I knew there was a good reason I was sleepless tonight. Just finished chatting with my little sis, my favorite sister... though she hasn't been my favorite for months now, not since she told me she was going to see Depeche Mode in August at the Hollywood Bowl--coolest of all LA venues--with SOMEONE ELSE! But now he can't go, so I'm in! I do hope Dave Gahan wears his leather pants!

And that's not all that's super cool tonight. I've finally begun my stint as, get this, the Creative Writing Program Director for WICE--a continuing education institute here in Paris--and our first course is all but on the books for this fall. This responsibility is the main reason why I didn't go home last month, but I'll make good use of my time since I also have a great lead on a job a language school. Thank you, Ellen Fujioka--my little go getter friend! I might have to go see her psychic while I'm in Long Beach.

I'll also be sitting in for David Barnes at The Other Writers' Group at Shakespeare & Co on July 11th and 18th. Come if you can... five copies of a work in progress, or just listen to the fine writing that others bring in. We can always use fresh eyes and ears.

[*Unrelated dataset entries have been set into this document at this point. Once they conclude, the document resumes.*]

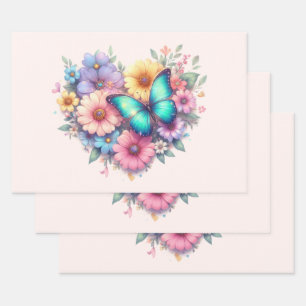 Daisy Flowers with a Beautiful Butterfly Wrapping Paper Sheets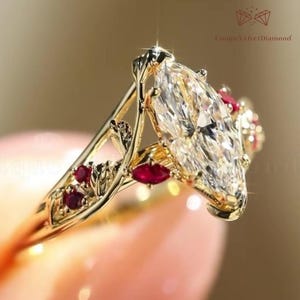Floral 2CT Marquise Moissaniet verlovingsring, 14K massief gouden, op de natuur geïnspireerde trouwring, robijn accent wijnstok blad belofte ring cadeau voor haar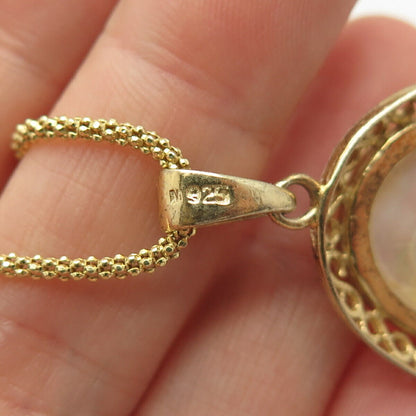 925 Sterling Silver Gold Plated Italy MOP Pendant Popcorn Chain Necklace 15"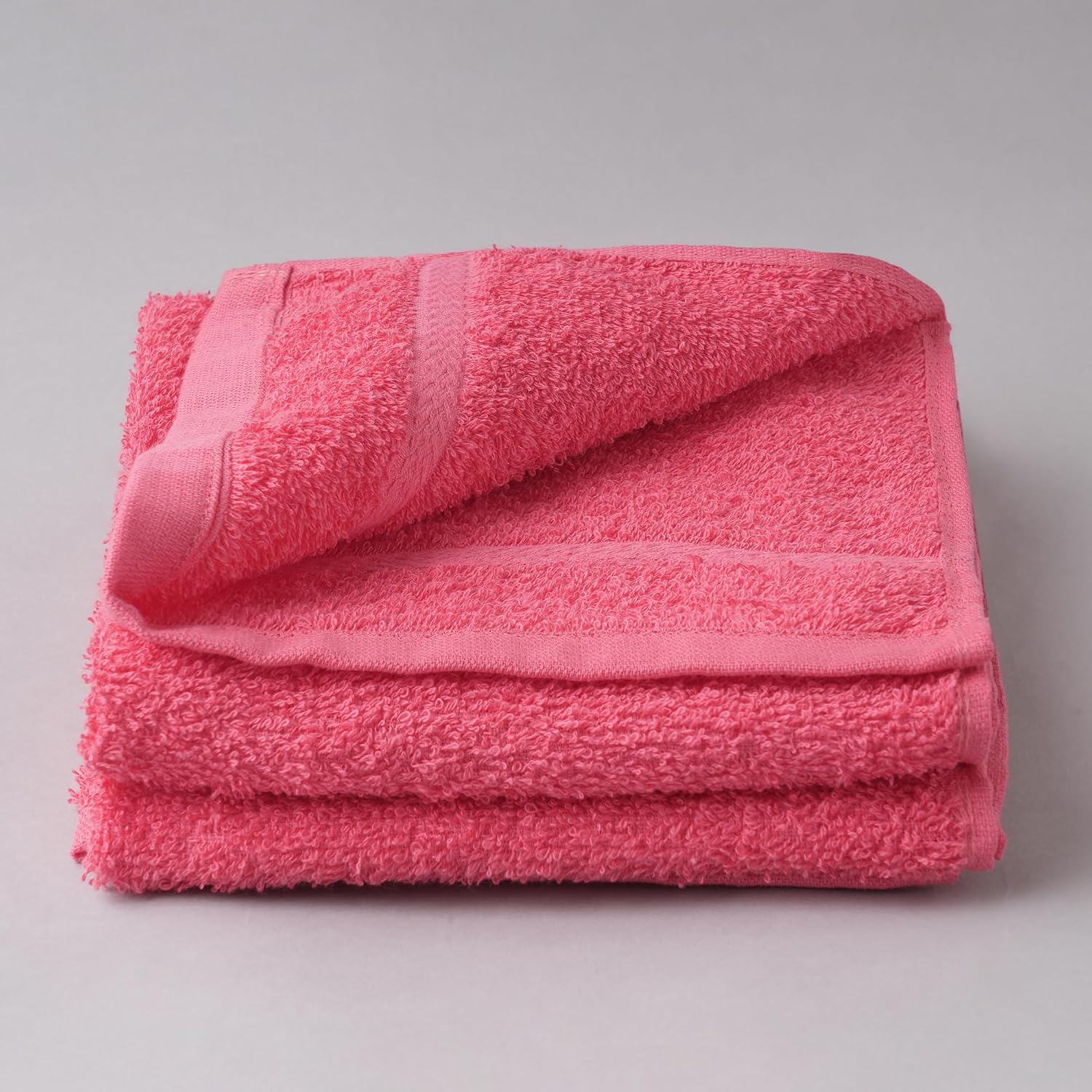 Welspun 100% Cotton Easy Care Hand Towel 400 Gsm | Quick Dry Ultra Soft Hand Towel (Coral) - Pack Of 2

Other great things that have happened in recent months: This spring I had the honor of working with Cecilia Woloch again to organize her Paris Poetry Workshop--click to see the video I made. Cecilia has such a great group of friends and poets every year. The themes of place, image, and collaboration always make for a very rewarding experience, so if you ever need a(nother) reason to come to Paris, I can highly recommend this week-long workshop. This year we also did photography with Jennifer Huxta, the Montparnasse Cemetery with Heather Hartley, a day in the country with Jeffrey Green--read French Spirits!--and an afternoon of collage poetry with Jen K. Dick. We finished up the week with a participants' reading at S&C, then dinner--Au Chien Qui Fume, where else?! The highlight of my week was reading my recently anthologized tribute to Alan Ginsberg's "Howl"--it's called "Wail"--at a reading we organized at Berkeley Books. There was thunderous applause and the owner of the bookstore complimented me on my bravery... They didn't put me in the "Woman as Freedom Figter" section for nothing! I left him a copy to read and/or sell, but if you can't stop in there, buy it here! The anthology is called Not a Muse, a global anthology of post-feminist poetry published by Haven Books in Hong Kong.

Then... I had my 39th birthday. He took me on a dinner cruise on the Bateaux Mouches--not even overrated. Can't believe it's taken us four years to finally do it! He even muscled us up to a table at the front of the boat, which made for a lovely video ;) Miles Davis' Blue In Green made the perfect soundtrack, even the title, given the colors of that evening. The clouds cleared when night fell, and then it was over.

But not my birthday! It went on all weekend long 'cause he took me to Amsterdam the next day. We just showed up at the train station and boarded the next train, wandered around town for two hours looking for a hotel that would allow Filou to stay, too. Then I got sick. Boooo... So, we're going back tomorrow/today. Seriously, does it get any better?! Ok. Depeche Mode at The Hollywood Bowl is pretty damn good.

Oh yeah, and this week Filou turned two. Of course we had a little party... and two of my MFA gal pals came! Thank you, Filou, for the great excuse to open up the Old El Paso Burrito Kit. He even got to lick his Raspberry Charlotte birthday cake. Oh yeah, and I made a video to celebrate his first two years. See it here.

I guess that just about catches you all up. 5am... time to go take my bath and head for Gare du Nord. See you soon!